On 5/2/21 7:07 PM, Francois Gouget wrote:
On Sat, 1 May 2021, Zebediah Figura (she/her) wrote: [...]
Looks like a more sophisticated version of https://www.winehq.org/~jwhite/2deb8c2825af.html, which is definitely a nice resource when I'm trying to put effort into fixing test failures.
Right. I should probably have mentioned this bug which says Jer's page was part of the inspiration. But that page did not do what I need so I tweaked it.
https://bugs.winehq.org/show_bug.cgi?id=48164
Oh. And now the official pages are online and getting more feature complete.
https://test.winehq.org/data/patterns-tb-win.html https://test.winehq.org/data/patterns-tb-wine.html
I guess the tests are color-coded by number of failures, modulo some constant?
Right. Each failure type (timeout, crash, etc) has its own color. And then I use a gradient to attribute a color to each 'vanilla' failure count.
Note that what counts for allocating the colors is not the actual failure counts, but the number of different failure counts. That is a test with 4, 5 or 6 failures will get the same colors as one with 1, 2 or 100 failures because in both cases there are only 3 different values.
I'll add a description of the patterns on the pages at some point.
I like the idea. I will note though that some of those colours seem hard to tell apart, e.g. the shades of green in wine d3d9:device.
Yes. When a test unit has 30 different failure counts it's hard to find enough easy to distinguish colors. It's probably possible to do better by tweaking the colors the gradient goes through.
https://source.winehq.org/git/tools.git/blob/HEAD:/winetest/build-patterns#l...
The cyan-green-yellow part of the gradient produces colors that are not very easy to distinguish. The colors in the yellow-red part seem easier to identify but that gradient is given the same weight as the other two. I've experimented a bit with a darker cyan but going too dark does not look very nice.
Also I guess they aren't consistent across tests for some reason?
The goal is to maximize the contrast in the colors used by each pattern. But if I used a single 'color map' for all test units, I would need to allocate a hundred different colors. Then many test units with just a few failures would end up only using very similar colors.
Allocating one color map per test unit limits this issue to just a few patterns. And the best fix would be to reduce the number of failures in these tests ;-)

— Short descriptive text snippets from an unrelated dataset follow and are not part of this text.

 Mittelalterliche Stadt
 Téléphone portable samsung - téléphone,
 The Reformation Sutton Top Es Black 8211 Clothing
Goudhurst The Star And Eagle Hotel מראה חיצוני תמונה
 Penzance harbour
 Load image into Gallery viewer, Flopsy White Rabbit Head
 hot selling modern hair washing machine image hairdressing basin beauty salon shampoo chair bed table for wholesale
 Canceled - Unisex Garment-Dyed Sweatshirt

I'll admit I don't fully follow your logic.
I guess if it were me, I'd use a fixed colormap of a small fixed number (16? I'm guessing there) of colors that are easy to distinguish, and then universally assign colors by (n % 16). I'd also pick out those colors manually instead of trying to generate them. Yeah, you won't be able to distinguish between 1 failure and 17 failures, but hopefully that contrast won't come up very much. Plus, that way, you could even learn a mental association, I guess, for whatever that's worth.
Or you could assign 1-16 to individual colors and anthing greater than 16 to another color. Of course many tests have very large numbers of failures (usually repeated of course).

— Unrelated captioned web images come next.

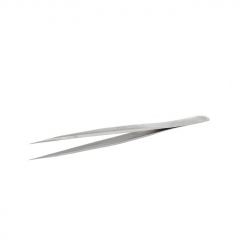 ST-12 Stainless Steel Straight Sharp Tweezers (135mm)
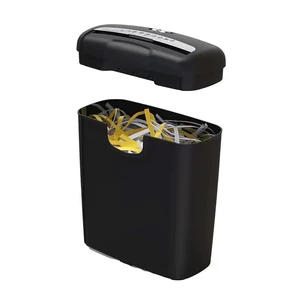 6-Sheet Strip-Cut Paper Shredder Credit Card CD DVD Commercial Office Heavy Duty Destory 6-Sheet Strip-Cut Paper Shredder Credit Card CD DVD Commercial Office Heavy Duty Destory
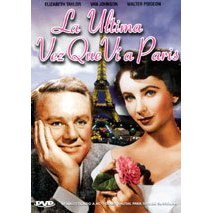 La Ultima Vez Que Vi A Paris - Spanish Version - NEW DVD FACTORY SEALED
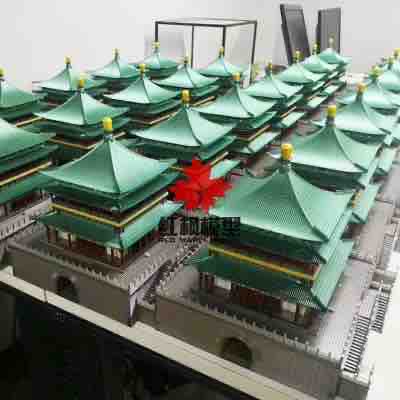 古建筑模型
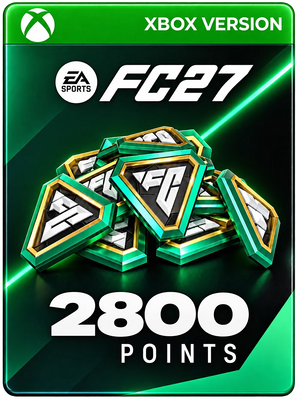 EA SPORTS FC 27 - 2800 Points (Xbox One/Series X|S) Key GLOBAL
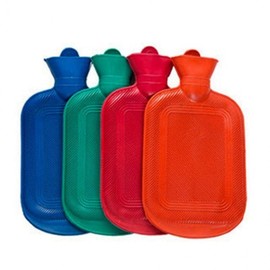 Simple portable insulating poultice warm water bag pocket poultice pack hot water hot pack for carrying insulated hot water pack Mini 2000mL (cover random) 2ea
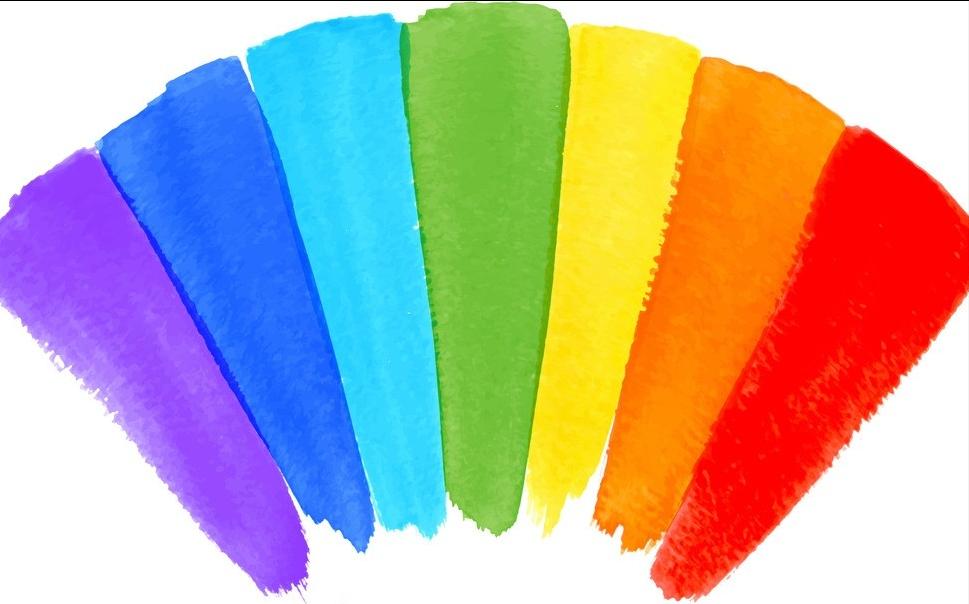 鸵鸟水粉绘画,快乐的鸵鸟水粉儿童画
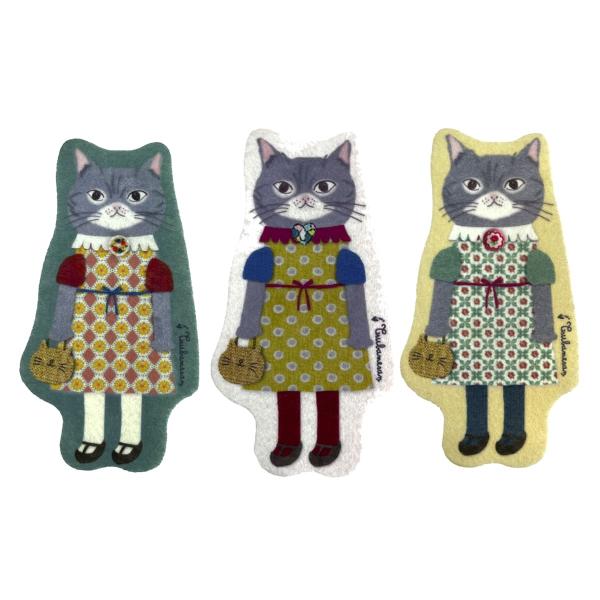 [Release date: August 7, 2025]ブランド：クスグルジャパン Kusuguru Japan品　番　：25-8575品　名　：パーラーすずらん堂 パーラー・キッチンスポンジコレクション3個セット つばめさんカラー　：...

That's kind of splitting hairs of course.
Now, another thing that occurs to me that would be very useful, and which doesn't necessarily preclude any of the above but does sort of obviate its usefulness, is to generate a list of failures by line, or even by line + failure message. I'd envision this as one per row, with "X" flags on each machine + day that displays it. Of course I'm sure you already have plenty of ideas on expanding the page; I'm just throwing out one of my own here.